Increasing complexity was the main reason that led the Baltimore company to invest in the cutting edge of natural-language processing. As retirement plans have grown more complex, with added products and services, T. Rowe Price has responded by making inventory and account information available through an interactive voice-response system. However, about 2-1/2 years ago, company officials recognized that they had reached a point where the voice-response system was growing unwieldy. The menu on the old system had reached a level of complexity that was difficult for the average customer to navigate. It was great that the company was able to automate a lot of sophisticated features, but the more options there were, the less usable the system was--so T. Rowe Price looked for ways to simplify the system. Speech recognition was an attractive alternative.

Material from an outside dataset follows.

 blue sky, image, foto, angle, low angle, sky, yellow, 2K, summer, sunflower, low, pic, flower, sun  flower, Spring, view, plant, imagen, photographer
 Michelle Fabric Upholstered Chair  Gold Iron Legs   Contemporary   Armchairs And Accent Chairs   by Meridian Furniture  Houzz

Voice access to enterprise systems such as databases and order-processing applications will grow rapidly this decade, analysts say. "Voice is the next killer application poised at the start of a major technology investment cycle," says Marianne Wolk, a senior analyst at Robertson Stephens. Market analysts at the Kelsy Group predict that worldwide revenue from voice applications will reach $41 billion by 2005.

Speech technology that's widely available, including IBM's WebSphere Voice Server, lets companies build functional low-end speech-recognition applications that use complex grammars. However, support for complex grammars essentially means that you must hire a linguist to build a grammar that captures the superset of utterances users might make. The problem is that this type of system doesn't scale very well because it's hard for a linguist to predict everything customers might ask and then for a compiler to be able to provide the level of performance needed.

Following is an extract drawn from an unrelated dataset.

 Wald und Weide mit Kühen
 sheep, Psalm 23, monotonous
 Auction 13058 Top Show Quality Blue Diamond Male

T. Rowe Price instead opted for slightly ahead-of-the-curve technology that understands natural language. It wanted a system that could let customers simply ask for what they want, instead of having to find it on a menu. The company had already been working with IBM on a voice-response system for its retail mutual-fund customers to do "direct-to-dialog" speech recognition. This is a fill-in-the-blank speech interface, where customers speak fund names or a keyword instead of navigating long lists.

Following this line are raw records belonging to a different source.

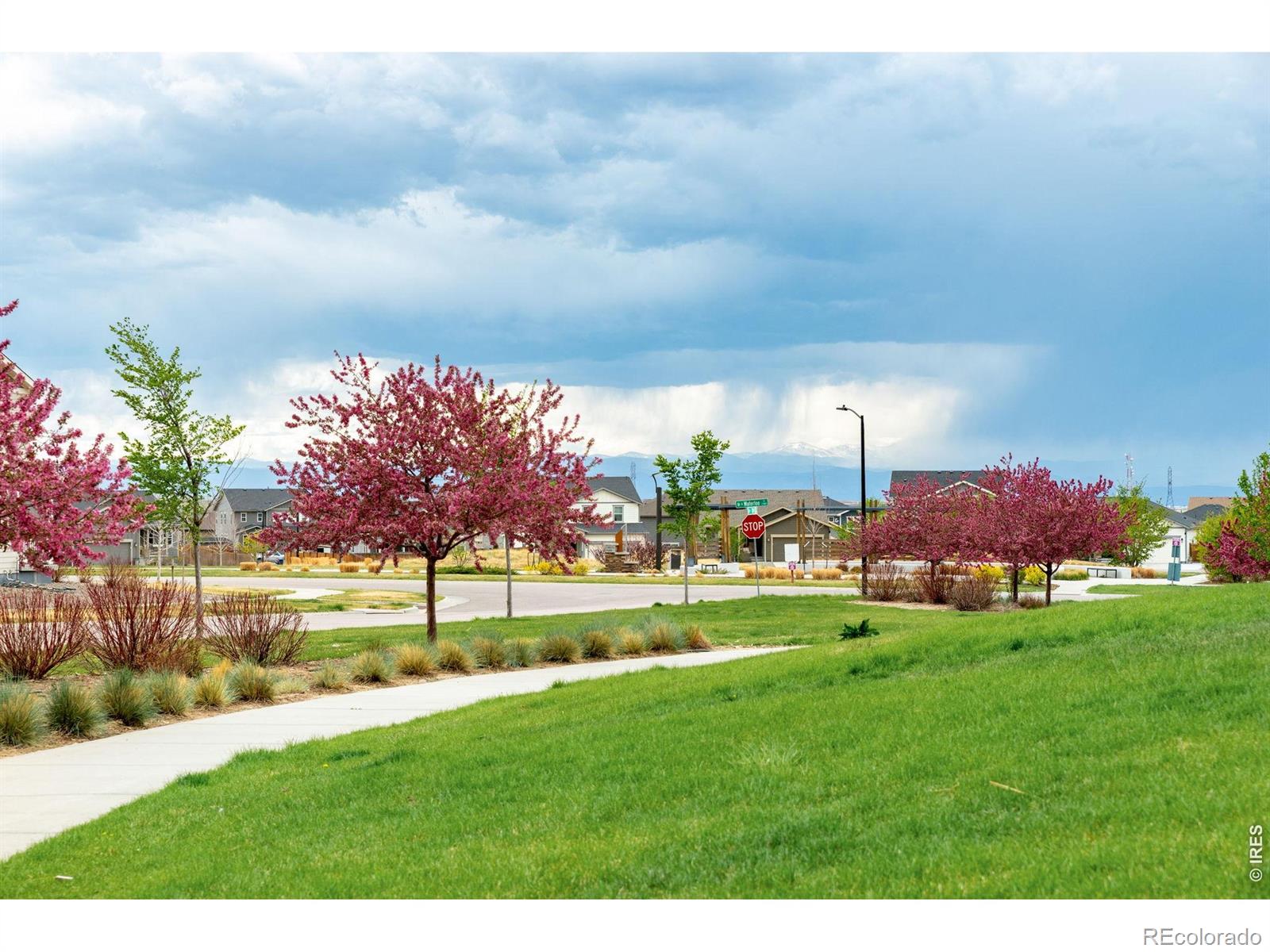 27890 E 7th Place Aurora CO 80018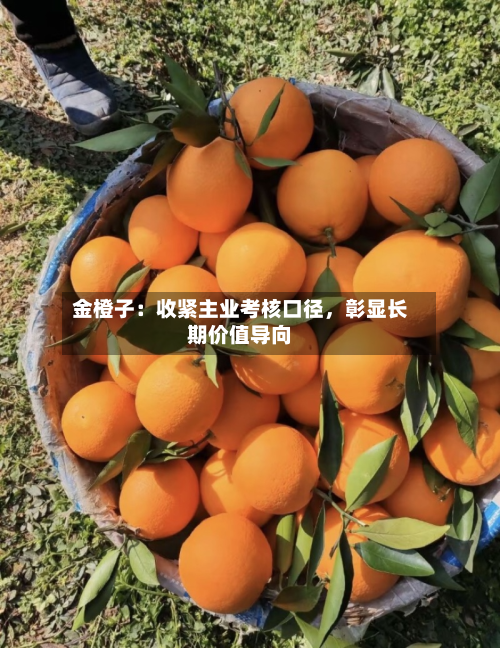 金橙子：收紧主业考核口径，彰显长期价值导向-第2张图片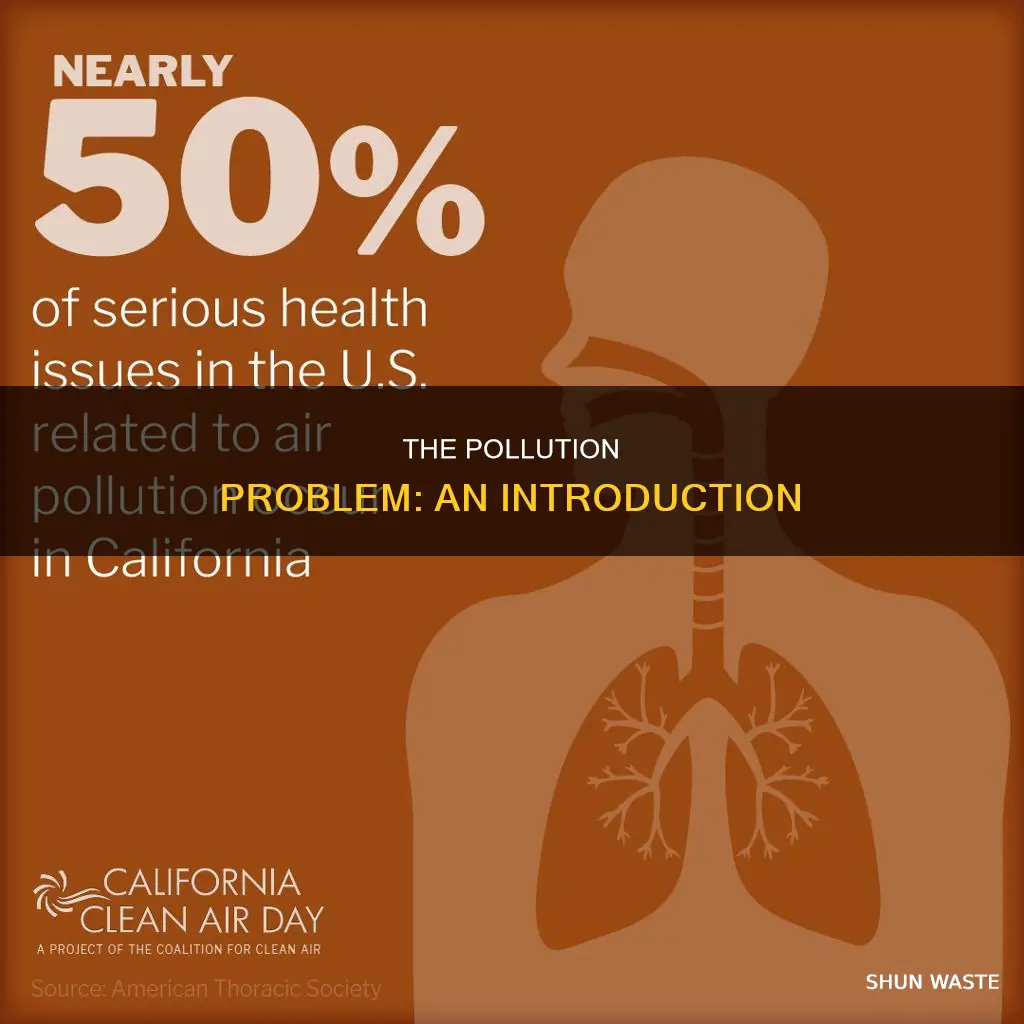 what is the introduction of pollution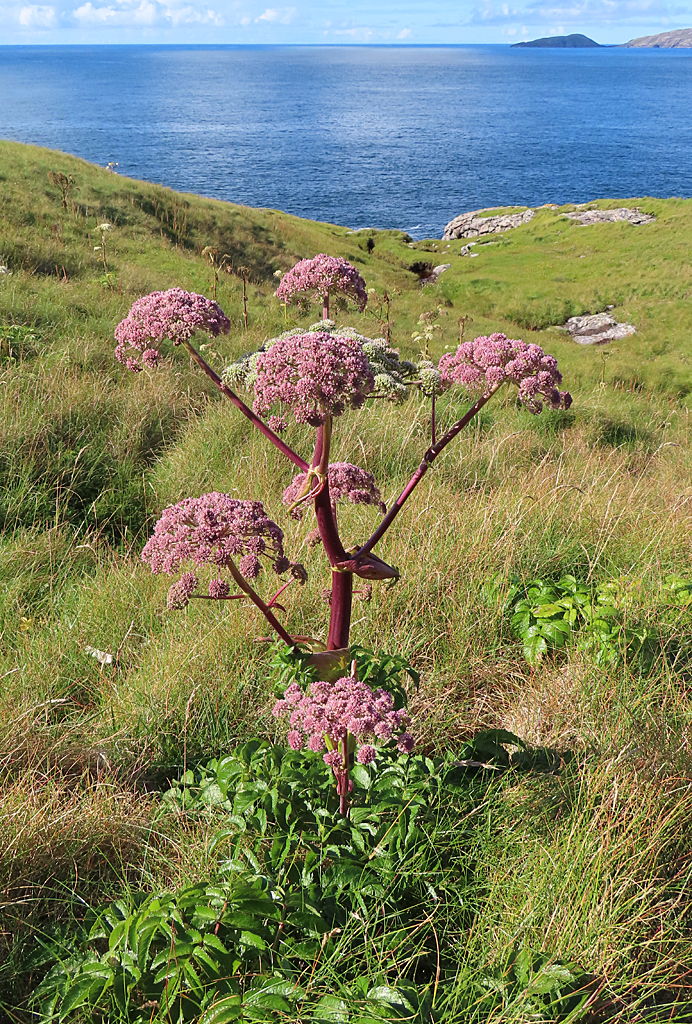 Tinh dầu Đương quy Himalaya (rễ) (Angelica glauca) — minh hoạ thực vật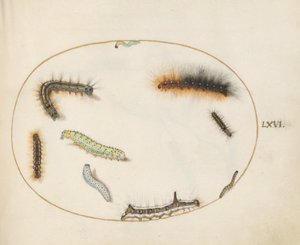 Skylt 66: Lackey Moth Caterpillar, figur av åtta larver, grå dolklarv och andra larver av Joris Hoefnagel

Around that same time, IBM was also looking for a partner to test what it had developed for its natural-language-understanding speech recognition. IBM's technology lets the user speak unstructured, conversational dialog rather than specific commands.

IBM's technology is provided as a component of its ViaVoice Telephony technologies, which use statistically based models that eliminate the limitations of speech-recognition grammars used in many speech applications. The software effectively acts like a polite, intelligent customer-service representative. It's able to understand comments and requests, provide context-sensitive prompting, and doesn't even get mad if you interrupt when it's speaking. "We just thought it was a great fit, so we really jumped at the chance to work with IBM in developing a fully functional natural-language system," says Tom Kazmierczak, T. Rowe Price's VP of business operations.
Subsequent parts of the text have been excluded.